Some of the common sources of VOCs in the indoor environment are cleaning agents and polishes, cosmetics and deodorants, dry cleaned clothing, building materials (e.g. adhesives, laminates, caulking compounds, medium density fibre board), furnishings (e.g. furniture, drapery and floor coverings), office equipment (e.g. photocopiers and laser printers), cigarette smoke and air drawn from outside.
Carpets and VOC’s
As part of the manufacturing process, carpet passes through a finishing oven at 150°C to 170°C. This drives off most of the volatile chemicals including solvents in adhesives and raw materials, leaving a product with a low VOC content.
When compared to other building materials with significant indoor exposure, carpet is a minor contributor to VOC emissions. Approximately 90% of VOCs discharged from carpet dissipate within a few days of installation.
In addition, carpet has a purifying impact on indoor air quality by absorbing VOCs e.g. formaldehyde, and trapping particulates present in indoor air.
Note: During installation of new carpet, the area should be adequately ventilated.
Flooring and stairs can be a risk factor for slips and falls in buildings. And the most common hazards are hard slippery surfaces that do don’t absorb energy impacts when falls occur.
Most injurious falls occur in the home and those most at risk are the elderly and children.
Carpet is slip resistant because of the product’s piled surface.
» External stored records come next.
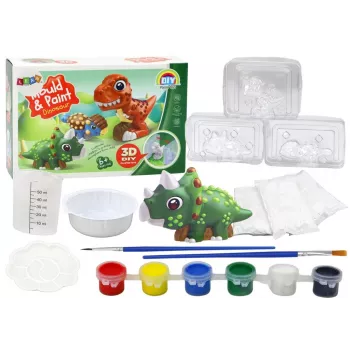 LEAN TOYS Creative Artistic Set Dinosaurs 3D Plaster Paints – 3D gipso liejimo ir dažymo rinkinys, 6 dinozaurai, 6 formos, 6 dažai, įrankiai, nuo 5 m.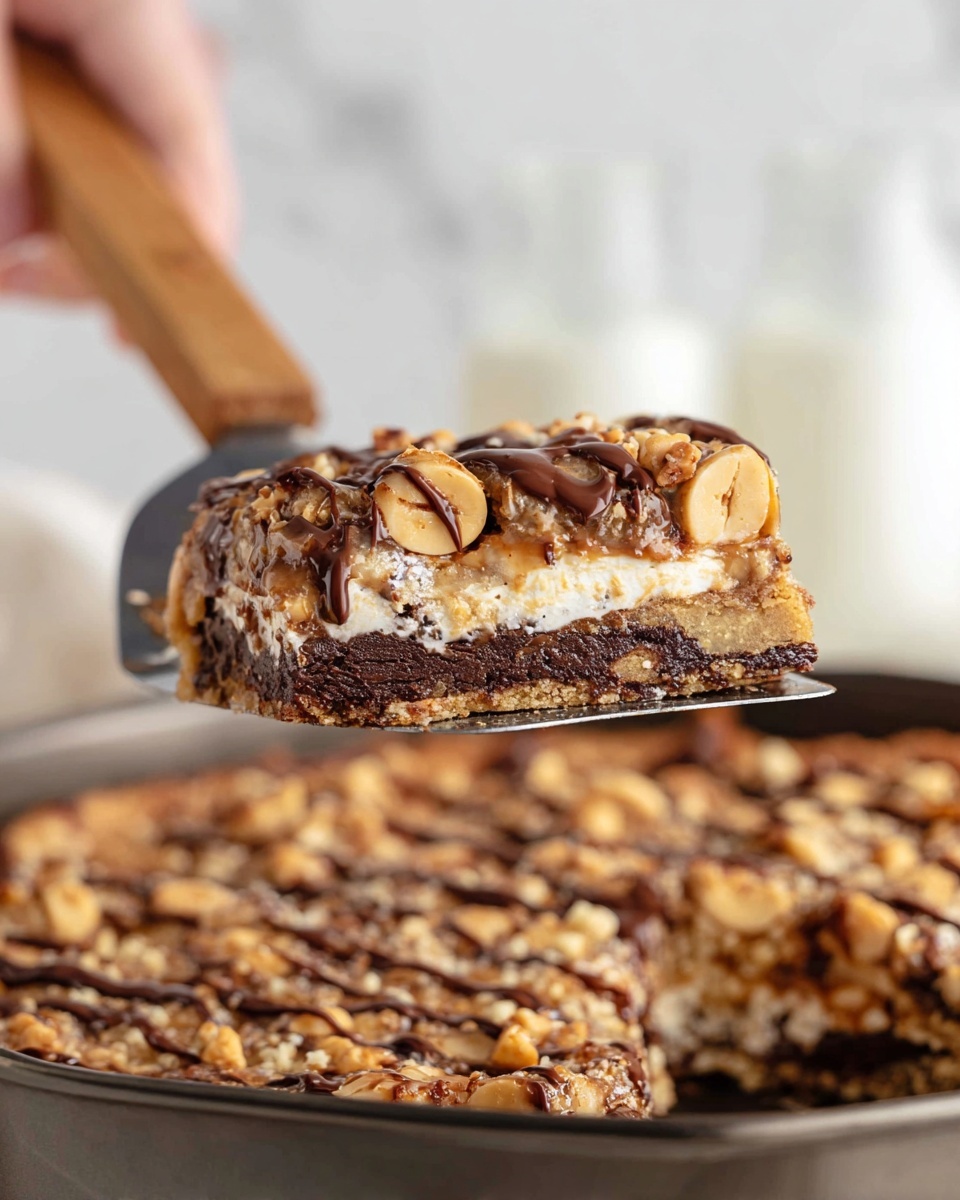A close-up view of a rectangular baked dessert inside a metal baking pan, cut into eight pieces, showing three layers: a dark brown dense base, a thick middle layer of creamy light brown filling, and a top layer of pale golden flaky dough. The top is decorated with chopped nuts scattered over it and thin diagonal drizzles of dark chocolate, giving a textured look to the surface. The pan rests on a white marbled surface. photo taken with an iphone --ar 4:5 --v 7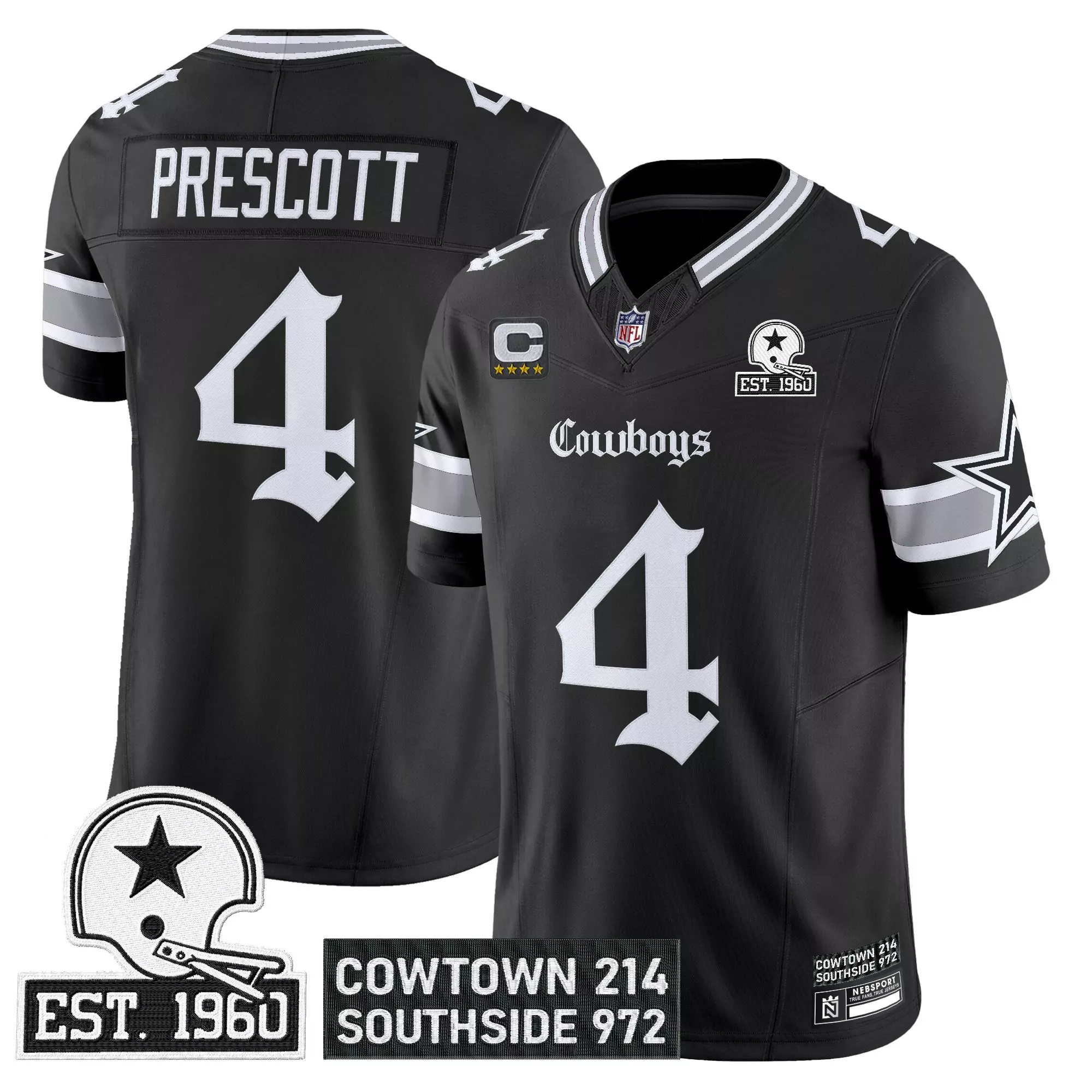 Prescott 4 Men'S Stitched Jersey Black Dallas Cowboys Name Patch 2023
This is confirmed by the results obtained from commissioned testing carried out by independent laboratories. 60 carpets were tested in accordance with the requirements of Australian standard AS 4586:2013 – Slip resistance classification of new pedestrian surface materials. All carpets tested achieved P4 or P5 slip resistance ratings. For dry surfaces which is the majority of carpet installations only a classification of P3 is required (other than ramps steeper than 1:14).
Carpet, with or without underlay, can also reduce the severity of slip and fall injuries because the surface provides greater impact attenuation than hard flooring.
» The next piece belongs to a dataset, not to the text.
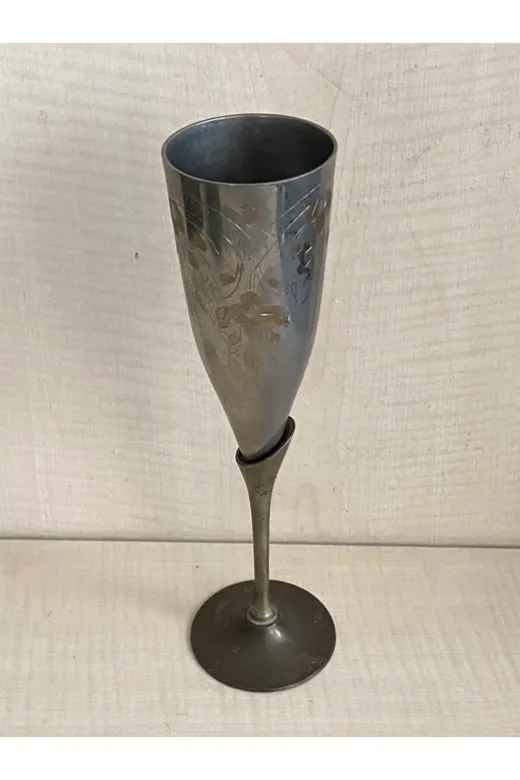 SANAT TACİRİ EK676D33F 24 Cm Antika Kalem İşlemeli Bardak El İşi Gümüş Kaplama Pirinç Kadeh No 53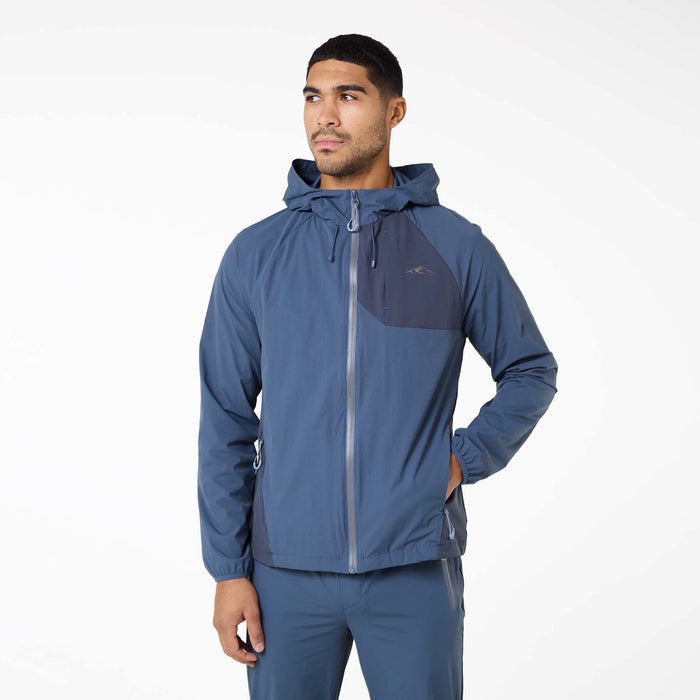 Men's Cyclone Contrast Tracksuit Jacket in steel blue – reflective chest logo and cuff detail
Wall to wall carpet and carpet tiles provide a safe, slip resistant surface option.
Carpet softens harsh sounds and creates a quieter and more productive indoor environment.
Carpet is the only method available for eliminating excessive noise generated by floor impacts such as noise produced from footfalls and also helps to reduce sound reverberation to acceptable levels. While there are other sound absorption alternatives such as acoustic ceiling tiles and panels, they do not reduce floor impacts and for this reason cannot achieve the same overall reduction in noise levels.
Noise attenuation is yet another reason why carpet is an excellent floor covering choice where functionality and fashion are important.
Carpet is an exceptionally good thermal insulator.
The insulation value of carpet is similar to fibreglass insulation and can be up to ten times higher than that of other floor coverings. Further increases in thermal insulation are obtained when carpet is installed over underlay.
Carpet can help to significantly reduce energy costs in heating and cooling, and hence greenhouse gas emissions, when there is a temperature differential between the indoor air and that under the floor. Uninsulated floors account for 10 to 20% of heat loss from a home.
A carpeted floor feels warmer underfoot and does not require the heating that a room with a smooth surface may. This will add further energy savings.
The greatest benefit from a carpet is obtained when as large an area as possible, preferably wall to wall, is covered. This is because the reduction in heat loss is proportional to the area carpeted.